Let's observe any array of natural numbers ~A~ and the GCD (greatest common divisor) of each prefix in the array, ~P~. For example:

~i~	1	2	3	4	5	6	7	8
~A_i~	216	144	96	96	120	560	9	8
~P_i~	216	72	24	24	24	8	1	1

Let's observe the two adjacent values ~P_i~ and ~P_{i+1}~. The following properties hold:

• ~P_i~ is divisible by ~P_{i+1}~.
• ~P_i \ge P_{i+1}~. In the case that ~P_i \ne P_{i+1}~, then it holds ~P_i \ge 2P_{i+1}~, which is why the value ~P_i~ will change ~\log_2 10^9~ times at most.

We conclude that array ~P~ can be written in a different way, so that we group all the prefixes with the same GCD, as an array of at most ~\mathcal O(\log 10^9)~ pairs of numbers ~(g, d)~ where ~g~ represents one of the values ~P_i~, and ~d~ represent the number of appearances of that value in array ~P~. For example, the array ~P~ from the above example can be written as: ~\{(216, 1), (72, 1), (24, 3), (8, 1), (1, 2)\}~. Analogously, we can write the GCD of all suffixes of array ~A~.

We will solve this task using a segment tree where we will store the following data for each interval:

• GCD of all prefixes ~P~ (in the above mentioned form, so as an array of pairs ~(g, d)~),
• GCD of all suffixes ~S~ (also in the above mentioned form), and
• The number of interesting contiguous subsequences in that interval, ~count~.

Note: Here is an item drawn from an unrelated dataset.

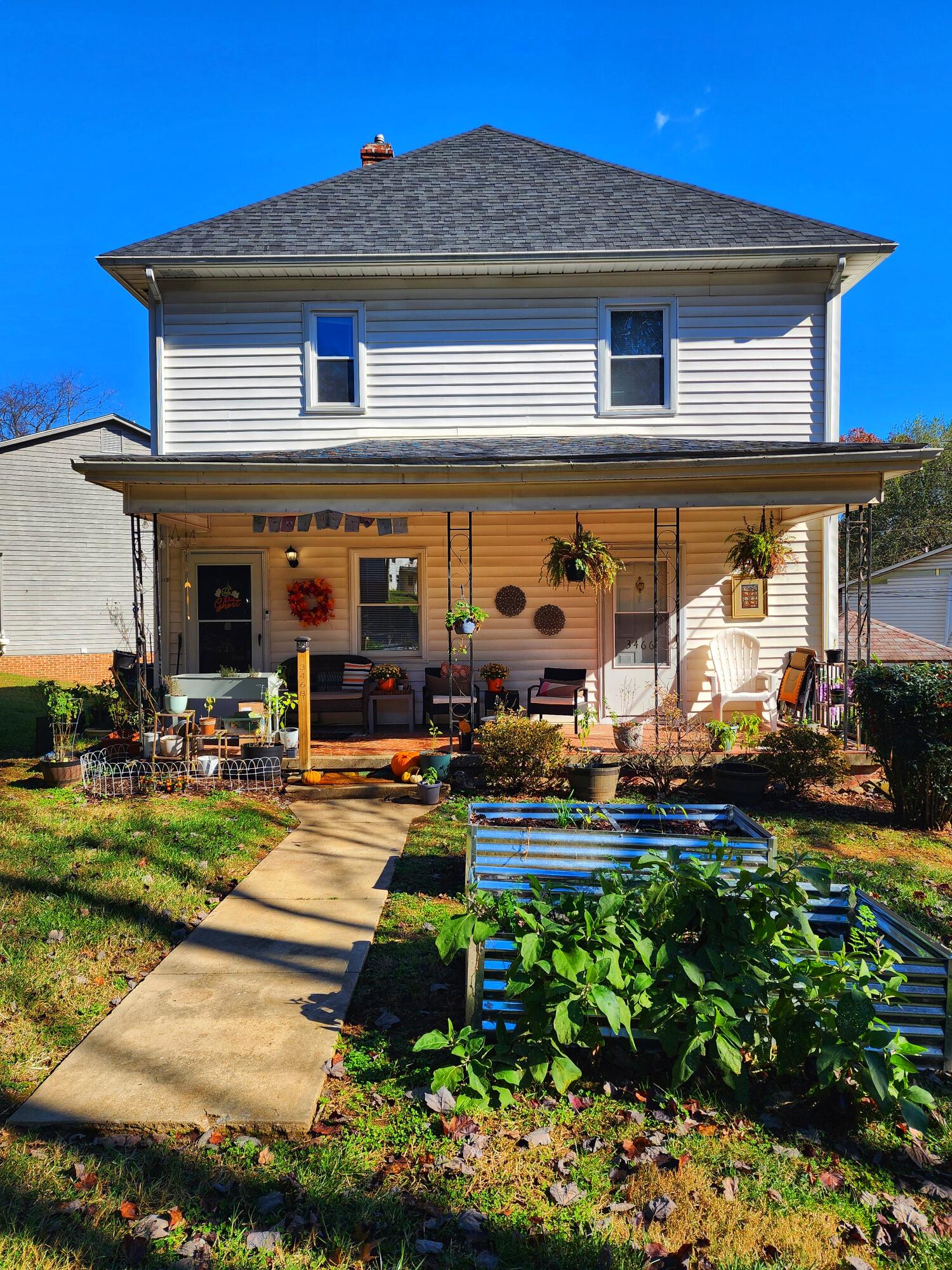 a front view of a house with swimming pool having outdoor seating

In order to apply the tournament tree data structure on this task, we need to define how we can determine new data for the union of intervals, based on the aforementioned data for two adjacent intervals. Let there be two adjacent intervals ~L~ and ~R~. Based on the GCD of all prefixes ~L.P~ and ~R.P~, let's try to determine the GCD of all prefixes ~C.P~ (where ~C~ represents the union of intervals ~L~ and ~R~). Array ~C.P~ is calculated in the following way:

• ~g(C.P_i) = g(L.P_i)~ for ~1 \le i \le len(L.P)~
• ~g(C.P_i) = \gcd(g(L.P_{len(L.P)}), g(R.P_{i-len(L.P)}))~, for ~len(L.P)+1 \le i \le len(L.P)+len(R.P)~

We can notice that in some cases it will be possible to additionally group some elements in the array ~C.P~ by values ~g(C.P)~, and that the length of the total array is never going to be larger than ~\log_2 10^9~. The complexity of determining this array is ~\mathcal O(\log 10^9)~, and analogously, we can determine the array ~C.S~ that represents the GCD of all suffixes of interval ~C~.

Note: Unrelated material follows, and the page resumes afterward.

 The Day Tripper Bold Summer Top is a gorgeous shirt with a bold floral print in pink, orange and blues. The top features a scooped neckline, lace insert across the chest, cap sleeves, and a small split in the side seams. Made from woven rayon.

All that is left to determine is how we can calculate the number of interesting subsequences in the interval ~C~ (~C.count~). These values will be equal to the sum of values ~L.count~, ~R.count~ and the number of interesting subsequences that are in both intervals ~L~ and ~R~. Let ~L~ correspond to the interval ~[l, m]~, and ~R~ to the interval ~[m+1, r]~. Let's observe the smallest ~p~ from the interval ~L~, for which a ~q~ exists from the interval ~R~ such that it holds that the subsequence ~[p, q]~ is interesting, and the subsequence ~[p, q+1]~ is not. The GCD of the subsequence ~[p, q]~ can be calculated as the largest common divisor of the GCD-suffix until position ~p~ in array ~L.S~ and the GCD-prefix until position ~q~ in array ~R.P~. However, we should notice one more thing: as we increase ~p~, so will the value ~q~ either remain the same or increase by a positive number. Therefore, the number of interesting subsequences contained in both intervals ~L~ and ~R~ can be calculated using the two-pointer technique, ~p~ that will iterate over array ~L.S~ and ~q~ that will iterate over array ~R.P~. The complexity of this approach is ~\mathcal O(len(L.S)+len(R.P))~, i.e. ~\mathcal O(\log 10^9)~.

The total complexity of the joining is ~\mathcal O(\log 10^9)~, so the total complexity of the algorithm is ~\mathcal O((N+Q) \log N \log 10^9)~.